P03-18
Development of an Integrated Machine Learning Model Incorporating Compound-Protein Information for Design and Prediction of Small-Molecule Modulators of PPIs
Tsubasa NAGAE *1, 2, Kohei SODA2, 3, Kazuyoshi IKEDA4, 5, Masashi TSUBAKI2, Kentaro TOMII1, 2, 3
1Graduate School of Medical Life Science, Yokohama City University
2Artificial Intelligence Research Center, National Institute of Advanced Industrial Science and Technology
3Graduate School of Frontier Sciences, The University of Tokyo
4Center for Computational Science, RIKEN
5Faculty of Pharmacy, Keio University
( * E-mail: w235434d@yokohama-cu.ac.jp )
Background
Protein-protein interactions (PPIs) have emerged as promising targets in drug discovery, offering potential to address previously undruggable diseases. PPI modulators, including both inhibitors and stabilizers, often exhibit unique properties that diverge from traditional drug-like molecules. This brings both opportunities and challenges in drug development.
Existing indicators and computational methods used for conventional drug targets are often inapplicable to PPI modulators due to their unique properties. This has led to the development of specific indicators for PPI-targeting compounds. However, these PPI-focused indicators have significant limitations: they mainly emphasize inhibitors, often struggle to accurately evaluate stabilizers, and frequently lack integration of specific protein target information.
Given these challenges, the field of small-molecule modulators of PPIs urgently requires novel computational approaches for more effective design and prediction of both inhibitors and stabilizers.
Methods
We constructed a novel dataset of PPI stabilizers and inhibitors, including information on their target protein pairs. Data collection involved database mining and literature review, with each entry comprising a triplet of compound information (SMILES) and amino acid sequence information for the target protein pair. For stabilizers, where existing databases were insufficient, we extracted candidates based on structural information of protein-ligand-protein triplets from the Protein Data Bank (PDB) to augment the dataset.

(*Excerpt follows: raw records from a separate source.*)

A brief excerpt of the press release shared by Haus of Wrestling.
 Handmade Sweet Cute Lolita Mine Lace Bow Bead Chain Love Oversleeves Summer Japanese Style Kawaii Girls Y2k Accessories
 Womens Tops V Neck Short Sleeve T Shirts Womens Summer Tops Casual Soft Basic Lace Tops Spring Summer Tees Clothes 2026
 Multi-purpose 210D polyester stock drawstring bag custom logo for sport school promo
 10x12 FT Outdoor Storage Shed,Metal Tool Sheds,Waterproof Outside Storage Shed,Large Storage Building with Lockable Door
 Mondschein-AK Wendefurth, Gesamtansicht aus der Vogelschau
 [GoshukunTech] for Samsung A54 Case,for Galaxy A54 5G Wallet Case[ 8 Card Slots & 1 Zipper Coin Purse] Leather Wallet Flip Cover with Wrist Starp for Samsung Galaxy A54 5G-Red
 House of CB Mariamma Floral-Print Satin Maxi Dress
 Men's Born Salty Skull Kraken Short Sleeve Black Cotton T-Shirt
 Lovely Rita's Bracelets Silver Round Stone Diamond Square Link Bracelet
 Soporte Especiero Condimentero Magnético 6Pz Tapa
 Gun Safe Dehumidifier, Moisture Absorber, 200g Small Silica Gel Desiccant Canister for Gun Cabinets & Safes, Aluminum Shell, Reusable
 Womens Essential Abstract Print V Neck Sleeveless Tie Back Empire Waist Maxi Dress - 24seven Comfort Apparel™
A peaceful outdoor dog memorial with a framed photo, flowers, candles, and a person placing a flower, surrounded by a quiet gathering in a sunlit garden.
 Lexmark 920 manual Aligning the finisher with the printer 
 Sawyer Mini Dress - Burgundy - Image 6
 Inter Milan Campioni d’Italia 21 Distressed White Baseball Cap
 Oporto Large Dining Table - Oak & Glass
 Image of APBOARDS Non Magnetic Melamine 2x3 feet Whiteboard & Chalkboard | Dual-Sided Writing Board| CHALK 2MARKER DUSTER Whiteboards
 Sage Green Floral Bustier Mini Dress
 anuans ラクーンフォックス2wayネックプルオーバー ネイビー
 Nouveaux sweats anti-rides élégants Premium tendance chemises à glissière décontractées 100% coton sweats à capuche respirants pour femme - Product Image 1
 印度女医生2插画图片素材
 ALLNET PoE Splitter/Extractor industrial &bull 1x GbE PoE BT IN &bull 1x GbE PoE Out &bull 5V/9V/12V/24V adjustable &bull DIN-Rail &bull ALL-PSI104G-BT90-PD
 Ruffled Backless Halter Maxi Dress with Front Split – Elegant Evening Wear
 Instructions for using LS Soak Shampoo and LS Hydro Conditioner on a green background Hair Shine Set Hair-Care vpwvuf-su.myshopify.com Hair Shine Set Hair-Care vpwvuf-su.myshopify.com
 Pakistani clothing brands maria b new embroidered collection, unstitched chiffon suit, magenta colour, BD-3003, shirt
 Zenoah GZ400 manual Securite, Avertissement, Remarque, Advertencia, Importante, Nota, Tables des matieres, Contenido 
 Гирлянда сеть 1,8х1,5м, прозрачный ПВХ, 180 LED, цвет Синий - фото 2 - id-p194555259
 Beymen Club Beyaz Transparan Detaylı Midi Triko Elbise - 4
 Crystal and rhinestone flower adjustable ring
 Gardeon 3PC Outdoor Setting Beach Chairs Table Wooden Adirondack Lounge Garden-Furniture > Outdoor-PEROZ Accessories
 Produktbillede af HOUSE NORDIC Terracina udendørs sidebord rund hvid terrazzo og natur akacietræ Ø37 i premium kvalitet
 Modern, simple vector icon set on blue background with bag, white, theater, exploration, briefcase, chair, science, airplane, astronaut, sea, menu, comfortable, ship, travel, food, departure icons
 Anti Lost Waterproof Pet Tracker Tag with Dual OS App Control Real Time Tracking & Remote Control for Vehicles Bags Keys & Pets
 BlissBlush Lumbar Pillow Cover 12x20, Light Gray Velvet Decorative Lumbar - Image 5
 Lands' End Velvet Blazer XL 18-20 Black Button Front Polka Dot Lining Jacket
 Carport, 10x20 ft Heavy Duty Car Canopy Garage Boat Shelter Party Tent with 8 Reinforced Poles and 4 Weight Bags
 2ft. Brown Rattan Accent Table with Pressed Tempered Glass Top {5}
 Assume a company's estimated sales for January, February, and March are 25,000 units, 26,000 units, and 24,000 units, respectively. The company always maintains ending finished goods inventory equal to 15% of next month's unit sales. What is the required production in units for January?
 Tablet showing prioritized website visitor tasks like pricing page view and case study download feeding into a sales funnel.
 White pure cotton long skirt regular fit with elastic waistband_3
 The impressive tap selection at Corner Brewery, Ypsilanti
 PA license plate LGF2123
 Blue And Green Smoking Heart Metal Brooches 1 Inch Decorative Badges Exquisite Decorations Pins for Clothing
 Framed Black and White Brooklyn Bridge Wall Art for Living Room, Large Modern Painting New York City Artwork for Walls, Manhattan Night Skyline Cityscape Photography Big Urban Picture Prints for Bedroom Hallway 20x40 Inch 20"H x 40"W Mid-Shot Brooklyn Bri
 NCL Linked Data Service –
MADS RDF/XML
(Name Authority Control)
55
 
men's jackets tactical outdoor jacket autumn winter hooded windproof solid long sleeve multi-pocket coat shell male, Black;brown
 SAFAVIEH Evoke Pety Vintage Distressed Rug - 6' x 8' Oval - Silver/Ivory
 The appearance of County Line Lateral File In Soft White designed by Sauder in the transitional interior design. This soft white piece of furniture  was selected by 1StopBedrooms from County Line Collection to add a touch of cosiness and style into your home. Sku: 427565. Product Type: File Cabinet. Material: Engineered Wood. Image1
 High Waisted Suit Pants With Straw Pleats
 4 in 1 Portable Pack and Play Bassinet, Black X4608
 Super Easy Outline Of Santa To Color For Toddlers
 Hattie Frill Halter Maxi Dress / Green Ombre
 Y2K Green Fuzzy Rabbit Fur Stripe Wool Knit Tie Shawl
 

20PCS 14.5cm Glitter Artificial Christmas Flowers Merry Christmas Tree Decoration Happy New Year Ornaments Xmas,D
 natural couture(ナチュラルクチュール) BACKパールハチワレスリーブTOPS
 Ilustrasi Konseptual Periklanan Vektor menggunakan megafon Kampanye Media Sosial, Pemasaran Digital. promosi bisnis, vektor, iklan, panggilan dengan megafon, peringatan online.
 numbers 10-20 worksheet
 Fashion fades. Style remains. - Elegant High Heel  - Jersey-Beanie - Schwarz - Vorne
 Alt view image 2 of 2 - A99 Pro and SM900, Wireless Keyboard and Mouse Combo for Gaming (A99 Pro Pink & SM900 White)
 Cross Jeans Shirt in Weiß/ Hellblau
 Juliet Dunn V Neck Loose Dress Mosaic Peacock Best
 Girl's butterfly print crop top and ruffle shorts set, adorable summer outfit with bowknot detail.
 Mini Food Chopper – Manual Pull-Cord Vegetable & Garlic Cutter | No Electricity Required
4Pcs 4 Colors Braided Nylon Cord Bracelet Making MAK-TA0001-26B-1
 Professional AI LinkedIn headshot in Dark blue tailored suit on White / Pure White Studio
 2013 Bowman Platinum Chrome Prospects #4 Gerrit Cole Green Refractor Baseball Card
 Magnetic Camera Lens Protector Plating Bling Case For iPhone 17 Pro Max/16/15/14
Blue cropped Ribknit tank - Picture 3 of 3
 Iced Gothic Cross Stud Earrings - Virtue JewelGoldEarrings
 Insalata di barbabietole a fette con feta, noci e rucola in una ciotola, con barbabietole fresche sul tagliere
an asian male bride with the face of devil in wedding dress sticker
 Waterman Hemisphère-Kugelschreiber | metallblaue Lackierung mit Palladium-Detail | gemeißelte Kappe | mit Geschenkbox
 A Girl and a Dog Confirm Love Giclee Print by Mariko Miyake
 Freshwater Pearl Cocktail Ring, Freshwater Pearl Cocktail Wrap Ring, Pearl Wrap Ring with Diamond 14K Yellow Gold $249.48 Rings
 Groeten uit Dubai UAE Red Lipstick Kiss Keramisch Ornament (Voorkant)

In our machine learning model, we treated stabilizer entries as positive examples and inhibitor entries as negative examples. We primarily used representations generated by compound language models and protein language models as input features to capture the characteristics of PPI modulators.
Results
We constructed a dataset containing over 4,000 entries of triplets. Statistical data analysis revealed a slight bias towards negative examples, which we addressed by curating a balanced dataset for machine learning purposes. Then, we built a machine learning model to classify PPI stabilizers and inhibitors, and evaluation of its performance confirmed that classification was possible with satisfactory accuracy.
This study suggests the possibility of a new approach to designing small-molecule modulators of PPIs. Our model, which incorporates both compound and protein target information, may contribute to deepening our understanding of PPI modulator prediction and design.